Transcribe only the lines of the listing below from the one holding "Silhouette of a" through the one holding "Tapis de salon", inclusive, without any change.

[Opening DATA TO PROCESS section]

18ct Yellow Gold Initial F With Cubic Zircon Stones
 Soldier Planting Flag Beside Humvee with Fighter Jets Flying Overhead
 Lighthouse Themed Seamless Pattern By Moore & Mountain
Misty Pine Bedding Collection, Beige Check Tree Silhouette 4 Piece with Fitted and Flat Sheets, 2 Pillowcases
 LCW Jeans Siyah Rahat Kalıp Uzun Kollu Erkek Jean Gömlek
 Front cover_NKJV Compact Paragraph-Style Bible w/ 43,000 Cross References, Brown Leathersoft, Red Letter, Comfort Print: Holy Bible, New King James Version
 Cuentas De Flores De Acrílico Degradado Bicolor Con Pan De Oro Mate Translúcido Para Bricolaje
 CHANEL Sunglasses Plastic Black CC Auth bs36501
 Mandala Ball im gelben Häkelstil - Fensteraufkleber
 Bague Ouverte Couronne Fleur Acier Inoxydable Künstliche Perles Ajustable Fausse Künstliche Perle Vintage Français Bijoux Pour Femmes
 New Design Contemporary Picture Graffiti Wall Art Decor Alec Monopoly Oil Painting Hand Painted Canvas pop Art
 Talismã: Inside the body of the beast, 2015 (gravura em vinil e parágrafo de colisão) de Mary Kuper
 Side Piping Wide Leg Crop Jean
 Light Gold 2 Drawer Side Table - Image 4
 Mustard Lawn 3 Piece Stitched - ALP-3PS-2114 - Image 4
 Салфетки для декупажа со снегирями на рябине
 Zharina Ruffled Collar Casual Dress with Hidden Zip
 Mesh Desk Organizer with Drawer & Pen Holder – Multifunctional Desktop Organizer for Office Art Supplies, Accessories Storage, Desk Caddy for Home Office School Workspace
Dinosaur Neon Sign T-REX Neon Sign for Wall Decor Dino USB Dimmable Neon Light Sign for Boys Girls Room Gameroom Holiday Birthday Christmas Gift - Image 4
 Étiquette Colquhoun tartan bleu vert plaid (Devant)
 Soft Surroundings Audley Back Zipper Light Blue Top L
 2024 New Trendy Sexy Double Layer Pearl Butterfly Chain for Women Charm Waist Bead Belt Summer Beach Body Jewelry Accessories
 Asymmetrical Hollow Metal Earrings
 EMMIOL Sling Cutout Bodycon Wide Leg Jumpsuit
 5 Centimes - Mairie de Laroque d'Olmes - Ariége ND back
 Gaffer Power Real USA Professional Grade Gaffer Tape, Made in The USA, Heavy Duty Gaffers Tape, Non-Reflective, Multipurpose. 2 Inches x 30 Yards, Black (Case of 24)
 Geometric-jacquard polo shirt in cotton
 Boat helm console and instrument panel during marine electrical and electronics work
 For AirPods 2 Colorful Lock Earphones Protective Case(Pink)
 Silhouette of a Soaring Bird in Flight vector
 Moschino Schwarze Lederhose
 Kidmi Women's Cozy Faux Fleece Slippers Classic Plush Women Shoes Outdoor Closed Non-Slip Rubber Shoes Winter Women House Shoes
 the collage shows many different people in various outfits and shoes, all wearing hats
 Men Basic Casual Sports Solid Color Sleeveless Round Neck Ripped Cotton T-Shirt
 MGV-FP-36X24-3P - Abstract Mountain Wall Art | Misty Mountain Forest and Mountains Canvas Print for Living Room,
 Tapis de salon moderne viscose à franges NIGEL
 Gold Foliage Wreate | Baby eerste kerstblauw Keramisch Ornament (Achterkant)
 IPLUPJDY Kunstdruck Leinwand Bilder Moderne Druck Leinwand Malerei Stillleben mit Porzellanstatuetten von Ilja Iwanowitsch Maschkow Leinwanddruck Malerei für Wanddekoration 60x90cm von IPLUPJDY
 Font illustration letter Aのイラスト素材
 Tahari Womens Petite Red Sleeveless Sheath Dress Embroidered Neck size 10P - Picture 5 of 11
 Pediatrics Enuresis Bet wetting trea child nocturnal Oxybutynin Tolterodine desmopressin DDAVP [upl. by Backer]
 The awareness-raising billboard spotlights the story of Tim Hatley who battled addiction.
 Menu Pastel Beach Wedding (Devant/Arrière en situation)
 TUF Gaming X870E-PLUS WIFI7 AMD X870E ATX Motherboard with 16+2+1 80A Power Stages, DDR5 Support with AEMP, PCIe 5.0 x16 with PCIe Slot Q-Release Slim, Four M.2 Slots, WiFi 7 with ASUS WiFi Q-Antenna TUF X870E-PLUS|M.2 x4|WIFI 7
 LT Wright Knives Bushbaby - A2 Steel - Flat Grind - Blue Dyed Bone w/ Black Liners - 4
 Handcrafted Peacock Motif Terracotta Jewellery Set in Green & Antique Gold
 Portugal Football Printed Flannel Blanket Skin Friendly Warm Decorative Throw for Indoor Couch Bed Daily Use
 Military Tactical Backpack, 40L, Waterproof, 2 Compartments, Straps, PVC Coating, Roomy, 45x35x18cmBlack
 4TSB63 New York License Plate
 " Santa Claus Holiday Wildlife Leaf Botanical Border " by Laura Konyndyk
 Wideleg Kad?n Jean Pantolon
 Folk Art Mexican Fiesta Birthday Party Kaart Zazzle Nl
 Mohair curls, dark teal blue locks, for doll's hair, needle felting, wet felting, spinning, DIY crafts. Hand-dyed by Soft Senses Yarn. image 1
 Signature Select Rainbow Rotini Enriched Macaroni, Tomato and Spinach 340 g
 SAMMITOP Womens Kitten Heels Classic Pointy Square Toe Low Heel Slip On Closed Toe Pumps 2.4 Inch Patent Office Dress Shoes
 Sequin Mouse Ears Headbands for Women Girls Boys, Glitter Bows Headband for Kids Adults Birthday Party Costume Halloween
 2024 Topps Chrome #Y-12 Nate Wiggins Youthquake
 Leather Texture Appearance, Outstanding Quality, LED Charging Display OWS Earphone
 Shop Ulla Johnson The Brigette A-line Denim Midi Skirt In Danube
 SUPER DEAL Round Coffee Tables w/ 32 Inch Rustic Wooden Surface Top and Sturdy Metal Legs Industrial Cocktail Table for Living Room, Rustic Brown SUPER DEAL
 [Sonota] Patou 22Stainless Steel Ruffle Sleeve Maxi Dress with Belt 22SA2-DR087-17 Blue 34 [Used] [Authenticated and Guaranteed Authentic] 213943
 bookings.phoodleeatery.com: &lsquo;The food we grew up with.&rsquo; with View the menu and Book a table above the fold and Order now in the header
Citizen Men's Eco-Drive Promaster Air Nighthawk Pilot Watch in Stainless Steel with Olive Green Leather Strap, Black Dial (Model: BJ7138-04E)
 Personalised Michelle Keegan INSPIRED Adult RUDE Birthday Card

[Closing DATA TO PROCESS section]

RESPONSE AREA:
 Silhouette of a Soaring Bird in Flight vector
 Moschino Schwarze Lederhose
 Kidmi Women's Cozy Faux Fleece Slippers Classic Plush Women Shoes Outdoor Closed Non-Slip Rubber Shoes Winter Women House Shoes
 the collage shows many different people in various outfits and shoes, all wearing hats
 Men Basic Casual Sports Solid Color Sleeveless Round Neck Ripped Cotton T-Shirt
 MGV-FP-36X24-3P - Abstract Mountain Wall Art | Misty Mountain Forest and Mountains Canvas Print for Living Room,
 Tapis de salon moderne viscose à franges NIGEL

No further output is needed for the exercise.